The problem is, the third party placers are playing a numbers game. No
individual is critical in their H1B apps, they just need to have 22% approved
so they can fill their body slots.

The smaller legit direct hire firm has often invested a lot in a potential H1B
usually after really trying very hard to get non visa folks in. The denials
there are brutal.

------
ArtDev
Good. The system is rigged against local workers in favor of global
corporations.

In addition to depressing wages this corrupt system sucks for the H1B workers
too. They can't earn more at another company unless they return to their home
countries and reapply to the system all over again.
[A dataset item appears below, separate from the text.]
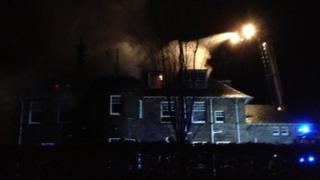Fire scene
Which is absurd.

------
Roboprog
How long until executive jobs are offshored as well? What stops that from
happening 10 years after many of the skilled labor jobs are offshored

The only barrier I see is the capital to create competing startups, but places
like China may be well on the way to doing a “head transplant” on much of the
work they have already been doing.

Discuss, pro / con?

------
sn_master
The article isn't talking about denials for FAANG or other reputable
companies.

All the companies in the article are well-known abusers of the H1B visa, and a
primary reason why Indians using the system as intended at top companies have
the huge Green Card backlog.

You'll find endless discussions about those companies dating way before Trump.

------
tracer4201
This sounds like a good thing to me, as long as the visa denials are targeting
the low-skilled Indian coders. I've been at companies where we contracted with
Infosys, Larsen and Toubro, and some other Indian shops. We ended up having
guys in our office who couldn't speak English, lacked an understanding of
basic fundamentals (they've never used source control of any kind or write
2000 line Java methods). Ultimately they delivered garbage and it gave IT a
bad rep at the company. But we kept them on the payroll to "cut costs". The
contracting companies literally don't give a shit (senior managers and
directors would get ball game tickets and other perks under the table), and
management on our side would hold these jobs for these incompetent coders
instead of qualified local talent.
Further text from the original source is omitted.